Review Summary: Aliens invaded Earth on 1990.
My mother is Cuban, and every time she takes a shower she blasts her Cuban radio stations (we Cubans are not a minority here in Miami). One time I couldn't help noticing a particular song being played called "Llorando Se Fue". Although it was a Spanish song and I tend not to listen to any Spanish music, it was a melody I had recognized.
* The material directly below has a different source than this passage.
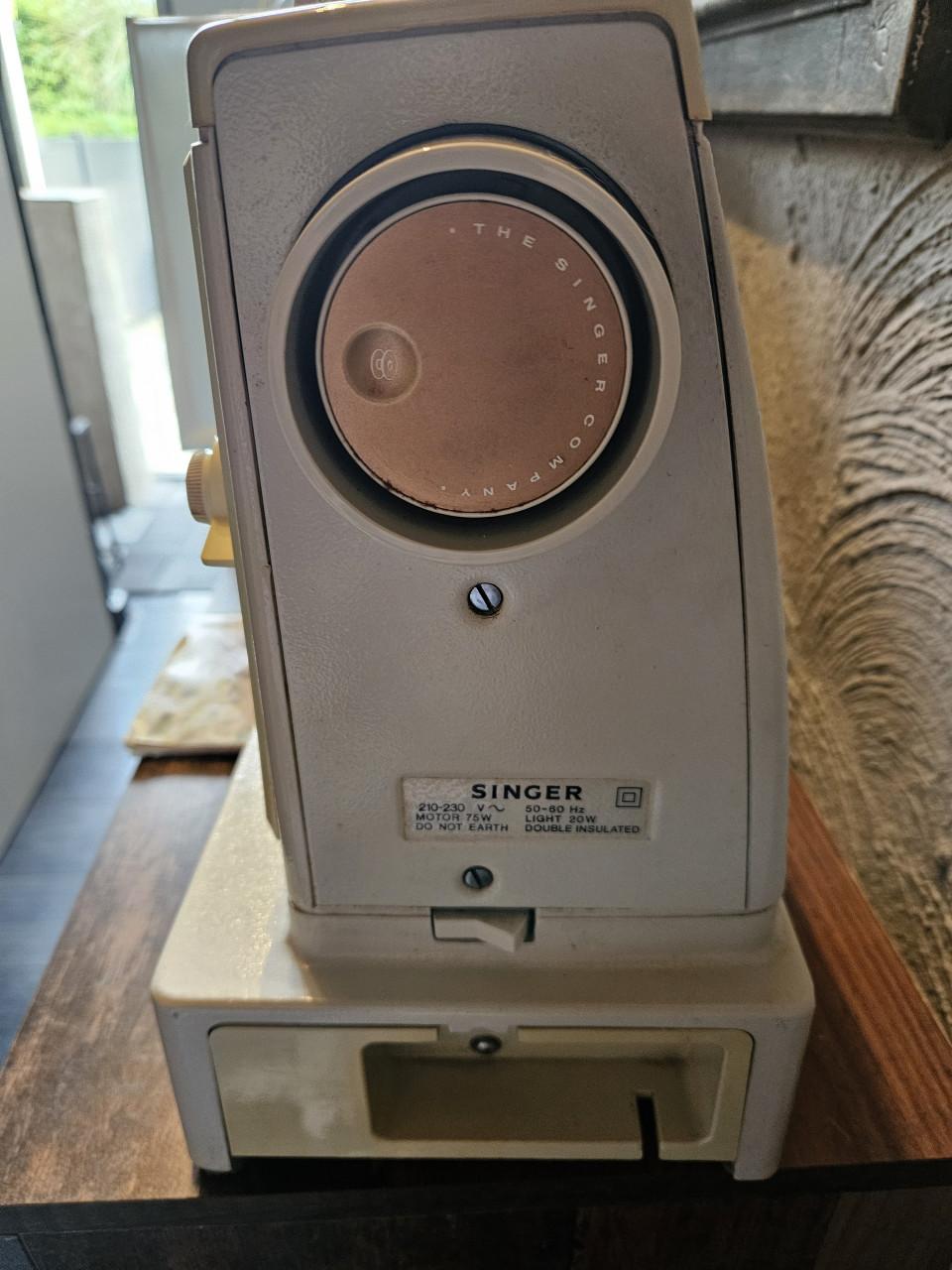 Vintage Singer 538 Naaimachine met Handleiding en koffer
They're putting Sun City Girls on the radio?! I thought at first. I later learned Sun City Girls had not originally written that song; they had merely covered it, renaming it "The Shining Path". (I later found out there is a more popular version of the song called "Lambada" in Portuguese, which was an unauthorized translation of the original, and may have been the one I heard that day.) To this day I wonder how many of their songs are actually covers.
But it should not matter if even all of their songs were covers, because whether you've even heard the original or not, you would know Sun City Girls have added their own unique touch of weirdness. For starters, the indiscernible vocals on "The Shining Path", upon closer listening, sound like Americans trying to sing in Spanish -- and failing -- not miserably, but in terms that are somehow appropriate to the weird nature of its album.
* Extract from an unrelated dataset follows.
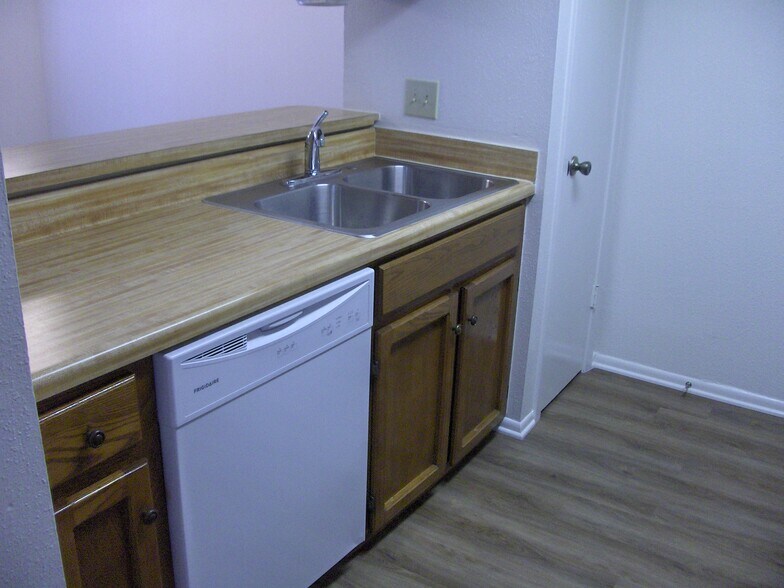 Kitchen - 4257 Family Tree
Torch of the Mystics is a trip into a whole new planet; to listeners unfamiliar with such weird music, "bizarre" would be an understatement. Sun City Girls mix surf rock with elements of world music, New Weird America chanting, and alien vocals reminiscent of a higher-pitched Captain Beefheart. "Blue Mamba" may seem like friendly surf rock jamming at first, but when it ends three minutes later you'll realize it never really went anywhere conventional. It may very well have been improvised (again, this should not matter). Then with the very first line of "Tarmac 23" -- well, who knows what line that is; it's incomprehensible -- the crazy ritual commences.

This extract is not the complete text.